Educational Places Kids Can Play Pokemon GO
Pokémon GO has taken the world by storm. You’ve almost certainly heard about the wildly popular game by now, but do you fully understand what it is? Pokémon GO is a free, downloadable app for your phone that uses GPS and “augmented reality” to allow players to “catch” creatures to add to their digital collection. The player can use their Pokémon to level up and evolve, then progress to take over “gyms” within the game to give one of three teams more prestige and bragging rights. It requires players to walk around and visit landmarks to find the adorable pocket monsters, forcing generally more sedentary gamers to get up and move.
Some educational landmarks and tourist attractions have embraced the game, using it to bring in more visitors and patrons. If you or your child have been swept away by the craze, consider bringing an educational aspect to the game by playing at these types of locations. Here are a few educational destinations that are already playing along. And read on to get some Pokémon safety and user tips to keep in mind for your kids:
The Museum of Modern Art, or MoMa, in New York City shared this tweet announcing they have PokéStops in the museum (PokéStops are waypoints where players can collect items needed to play), and they made a clever reference to the Pokémon character Mew.
We have two #PokemonGo PokéStops at the museum! Or should we say Mew-seum? Learn more: https://t.co/niHH6Y9qI9 pic.twitter.com/QFvoIzihBw
— Museum of Modern Art (@MuseumModernArt) July 13, 2016
I love this Instagram share from The Brooklyn Museum in which they hilariously used the camera function in the game to make a slight adjustment to a Maurice Sterne work of art.
The Sacramento Zoo hosted a Pokémon GO Day, promising to “have lures going ALL day long!” (“Lures” are digital bait that can be dropped on PokéStops to increase the chances of Pokémon appearing in that area.)
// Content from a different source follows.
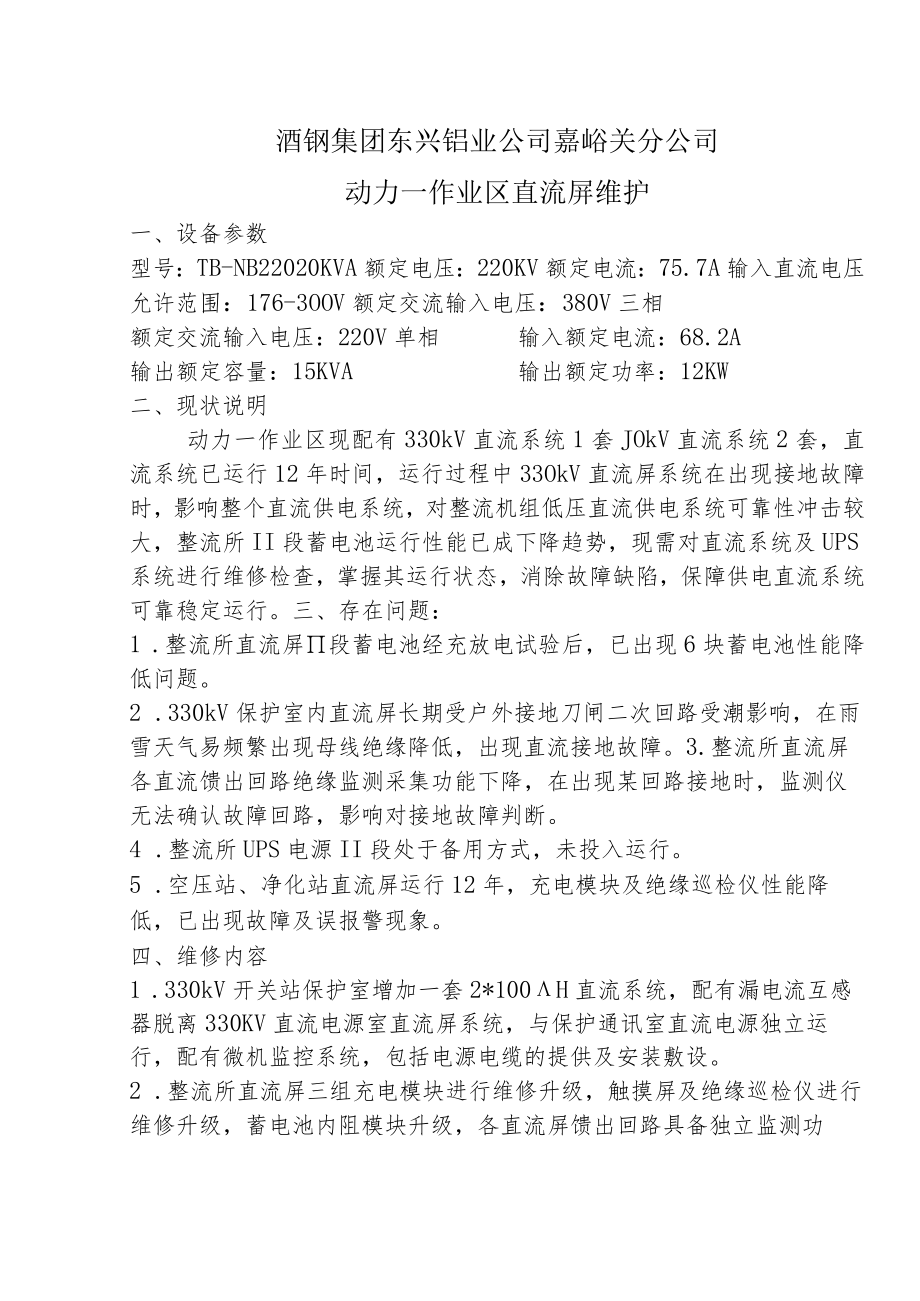 酒钢集团东兴铝业公司嘉峪关分公司动力一作业区直流屏维护.docx_第1页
#SacZoo #PokemonGo Day this Saturday 9am-4pm! We’ll have lures going ALL day long.
A photo posted by SacramentoZoo (@sacramentozoo) on
The Cincinnati Zoo shared this screenshot from the game, showing their high number of PokéStops. The smaller blue squares are the PokéStops that are only accessible when you’re close enough, and the larger tower structures are Pokémon Gyms. The Gyms are colored based on which team currently has dominance (Valor is red, Mystic is blue, and Instinct is yellow).
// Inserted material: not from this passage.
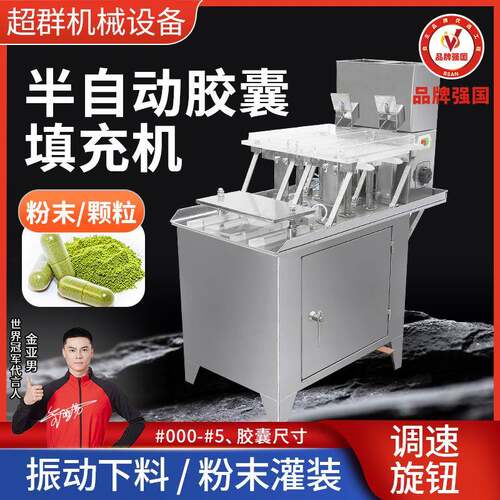 超群机械不锈钢电动半自动胶囊填充机187粒400粒胶囊灌装设备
HOT SPOT! The Cincinnati Zoo & Botanical Garden has 25 Pokéstops, two gyms and countless #Pokémon roaming the grounds. Our new, #ZooFREEWifi will make your experience even better! Don’t forget to look up so you can see the real animals around you :). And, please stay on the paths for the safety of our visitors and animals. Have fun! #CincyZooGO #pokemongo
The Washington County Public Library system (with locations in Virginia) shared this photo of a young Pokémon “trainer,” also promoting a high level Pokémon named Dragonite that library visitors have caught in the building. They also implemented a board where people can share what they caught while in the library.
#pokemongo trainer at our library today. The fever rages on, with the record Pokemon caught in the library a 1170 CP Dragonite! #Pokestop #librariesofinstagram #abingdonva
A photo posted by washcolibrary (@washcolibrary) on
The New York Public Library snapped a shot of a certain common Pokémon lurking deep within their shelves of books, encouraging followers to tag the library in their “Pokéfinds.”